7. Spekulator dan arbitrase. Mereka ini melakukan transaksi dalam pasar valuta
asing untuk memperoleh keuntungan. Arbitrase pada prinsipnya merupakan suatu
bentuk spekulasi yang terdapat dalam valuta asing, di mana mereka membeli suatu
valuta asing di suatu pusat keuangan kemudian menjualnya kembali di pusat
keuangan lain untuk memperoleh keuntungan. Kegiatan arbitrase ini dimungkinkan
mudah dan cepat dilakukan transfer dengan menggunakan alat telegrafik antara
pusat keuangan satu dengan pusat keuangan dunia lainnya. Motif mereka ini
berbeda dengan dealer, karena spekulator dan arbitrase beroperasi hanya untuk
kepentingan mereka sediri tanpa suatu kebutuhan atau kewajiban untuk melayani
klien atau untuk memastikan kontinuitas pasar. Sedangkan dealer mencari keuntungan
dari spread antara permintaan dan penawaran dan hanya secara insedentil mencari
keuntungan dari perubahan-perubahan harga. Sementara spekulator mencari seluruh
keuntungan dari perubahan-perubahan harga secara simultan. Spekulasi dan
arbitrase dalam jumlah besar biasanya dilakukan oleh trader. Bank-bank dalam
hal ini dapat bertindak sebagai dealer, spekulator dan arbitrase.

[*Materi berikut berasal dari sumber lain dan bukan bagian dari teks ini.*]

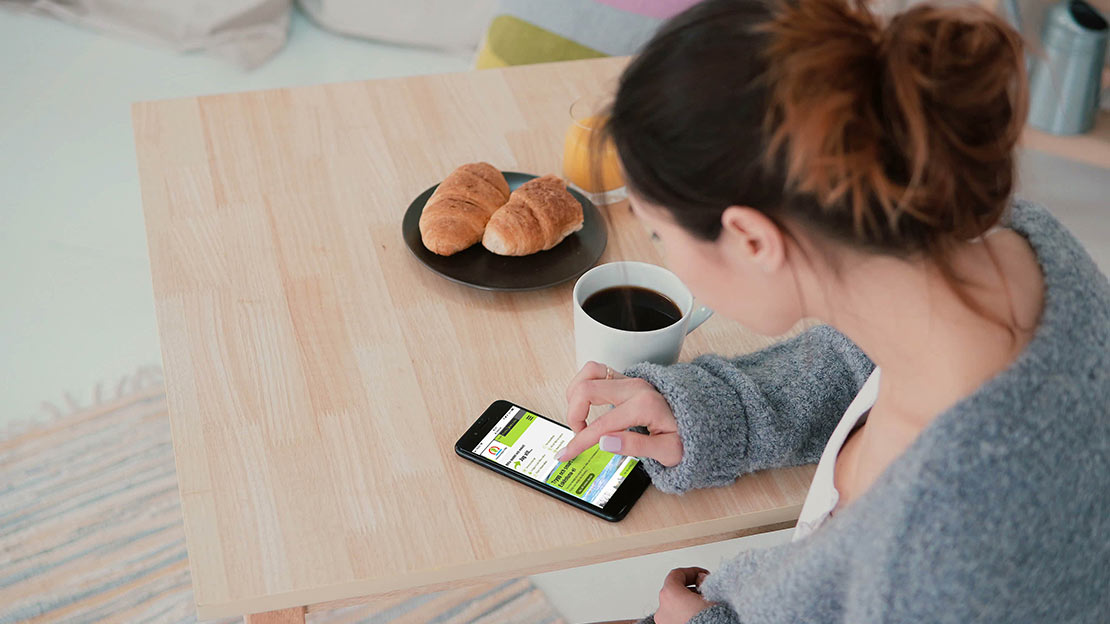 Kvinna skrollar på en mobil som ligger på ett bord.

B. Jenis-Jenis Valuta Asing
(Valas)
1. Transaksi Spot
Transaksi spot
adalah pembelian dan penjualan valuta asing untuk penyerahan pada saat itu
(over the counter) atau penyelesaiannya paling lambat dalam jangka waktu dua
hari. Misalnya kontrak jual beli suatu mata uang spot dilakukan atau ditutup
pada tanggal 12 juni 2002, penyerahan dan penyelesaian kontrak tersebut dilakukan
pada tanggal 14 juni 2002. Apabila tanggal 14 juni 2002 tersebut kebetulan hari
libur atau hari sabtu, maka penyelesaiannya adalah pada hari kerja berikutnya.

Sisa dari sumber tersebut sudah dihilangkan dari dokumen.